So, once the stupidly colossal alien ship appears, wrecks a ton of landmarks and starts digging a hole to the core of the planet to harvest it, because science, humanity launches another counterattack that flops, before hitting on a wheeze to use that there alien AI as bait for a trap to lure the alien queen out into the open and take it out, which they theorise will have the same effect crippling as an Apple Powerbook connecting to the alien’s wifi and changing the router password, or whatever Goldblum did in the first film.
Which, in general terms, is broadly the same plot as the first film, but without the charisma. And, it turns out, that was the only thing holding the first film together. In abstract terms, more or less every other element of this film is an improvement, certainly effects-wise, but without any real interest in the lead characters it’s tough to care one way or the other about anything that’s happening in it.

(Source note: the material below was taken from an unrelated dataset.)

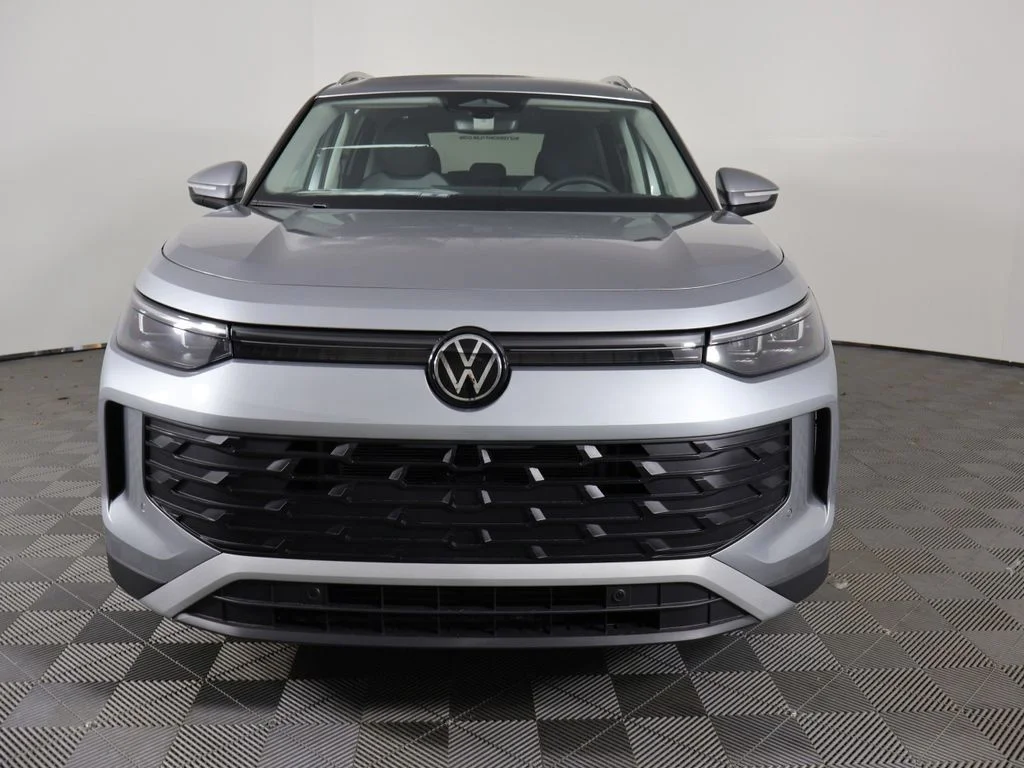 New 2025 Silver Volkswagen 2.0T S image 8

The first film embraced and played up it’s cheeseball nature, and to be fair I think Emmerich tries to go in the same direction with this, but he doesn’t have the characters in place to back it up. The only interesting characters are the returning ones, Goldblum, Bill Pullman, Brent Spiner, and the new ones who are supposed to carry the action don’t make much impact.
Shorn of this, it’s just another CG showreel, and, well, we’ve all seen enough of them and while the effects work here is fine, it’s not particularly noteworthy or worth going out of your way to see. Sure, this isn’t great, but in a year where Gods of Egypt was unleashed upon an unsuspecting populace it’s hard to be too offended by this film.